What to produce: Print the lines exactly. Start at the first line of the material below, end with the line that contains "In the courtyard", and skip all pictures.

Given information:
<<<<

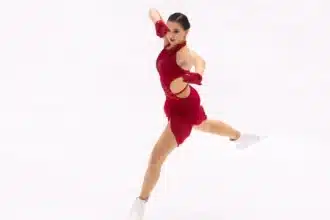 L'image montre Kamila Valieva habillée d'un costume rouge, se produisant sur la glace avec une posture posée et gracieuse. Elle porte des gants rouges assortis et des patins blancs. Son expression concentrée et l'athlétisme affiché suggèrent qu'elle est en plein milieu d'une routine compétitive, démontrant l'art et la précision du patinage artistique.
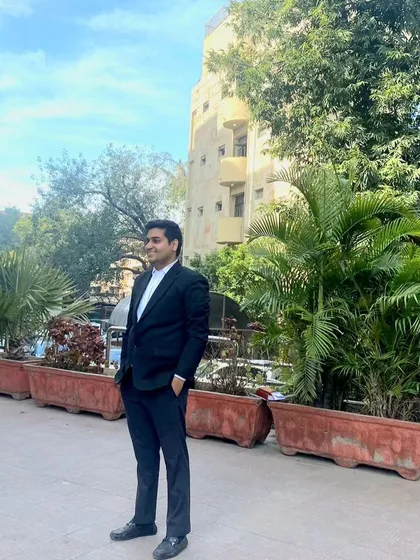 In the courtyard of a Delhi court complex. I am comfortable and familiar with the grounds where your legal battles are fought.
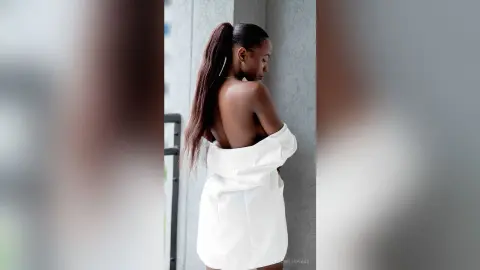 Elegant woman in a white off-the-shoulder dress posing gracefully against a minimalist wall background.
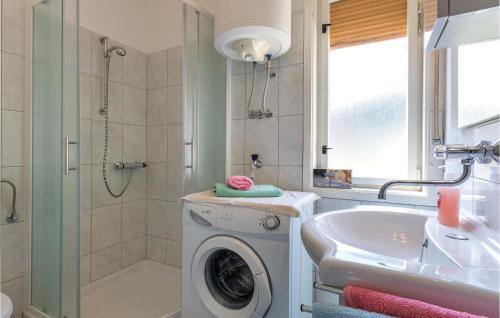 a bathroom with a washing machine and a sink at Nice Apartment In Marcana With Wifi in Marčana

>>>>

Your response:
 L'image montre Kamila Valieva habillée d'un costume rouge, se produisant sur la glace avec une posture posée et gracieuse. Elle porte des gants rouges assortis et des patins blancs. Son expression concentrée et l'athlétisme affiché suggèrent qu'elle est en plein milieu d'une routine compétitive, démontrant l'art et la précision du patinage artistique.
 In the courtyard of a Delhi court complex. I am comfortable and familiar with the grounds where your legal battles are fought.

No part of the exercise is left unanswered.